The aide said that guys like me were ”in what we call the reality-based community,” which he defined as people who ”believe that solutions emerge from your judicious study of discernible reality.” I nodded and murmured something about enlightenment principles and empiricism. He cut me off. ”That’s not the way the world really works anymore,” he continued. ”We’re an empire now, and when we act, we create our own reality. And while you’re studying that reality — judiciously, as you will — we’ll act again, creating other new realities, which you can study too, and that’s how things will sort out. We’re history’s actors… and you, all of you, will be left to just study what we do.”
…that post, and Robin’s new book, is a quick reference study on the roots of conservatism, and what it means today vs. what it used to mean, which if you are inclined to debate or discuss politics seems fundamental.
“Reality-based community” soon became one of the most cited quotes of the Bush era — a Google search yields 456,000 results; it even has its own Wikipedia page. It is an affirmation of everything the left ever thought about the right: that it lives in a fact-free universe where ideological purity is more important than pragmatic solutions; that it’s revolutionary and radical rather than realistic and moderate; that it’s activist rather than accommodating; that it’s, well… not really conservative.”
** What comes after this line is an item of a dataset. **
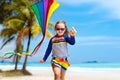 Child with kite. Kids play. Family beach vacation. Royalty Free Stock Photo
it goes on but to be honest i basically stopped reading there because i was sort of reeling from the idea of the use of “reality-based” as a pejorative term by those running the Empire of America (forgive me that i missed this conversation when it happened in 2004).
on the one hand, i find it philosophically beautiful that those running the world believe that Reality Is What You Create, that nothing is static and everything can change on a dime, and basing long term decisions about humanity on anything seemingly factual is foolish, because what might happen tomorrow? Focus On The World You Want To Create. and who can define Reality anyway? what it means for one person or community can be radically different from another.
on the other hand, personal existential philosophies about what determines Reality aside, the use of this term as a flip side to “faith-based” creates a dichotomy in which i would have to side with “reality-based” as being the only way i can imagine organizing a global population. collect data, determine current realities, react, adjust, repeat. “consensus reality” is hard enough to swallow as a middle ground (and also entirely undependable, as it is subjective); “faith-based” seems a foolish path.
but wait – aren’t those the Dreamers? i thought i supported Dreamers. crap. so i guess it’s fair to say that my personal and political philosophies are divergent in numerous ways. but that is not to say that the personal is not political. oh no no.
anyway, i digress. i just hadn’t heard this discussion when it happened and my brain got a little blown for a second just now when i read that and started extrapolating into current life and Realities, which i’ll spare you further uneducated ramblings on. but i assure you the idea of “reality-based community” is permanently in my brain now.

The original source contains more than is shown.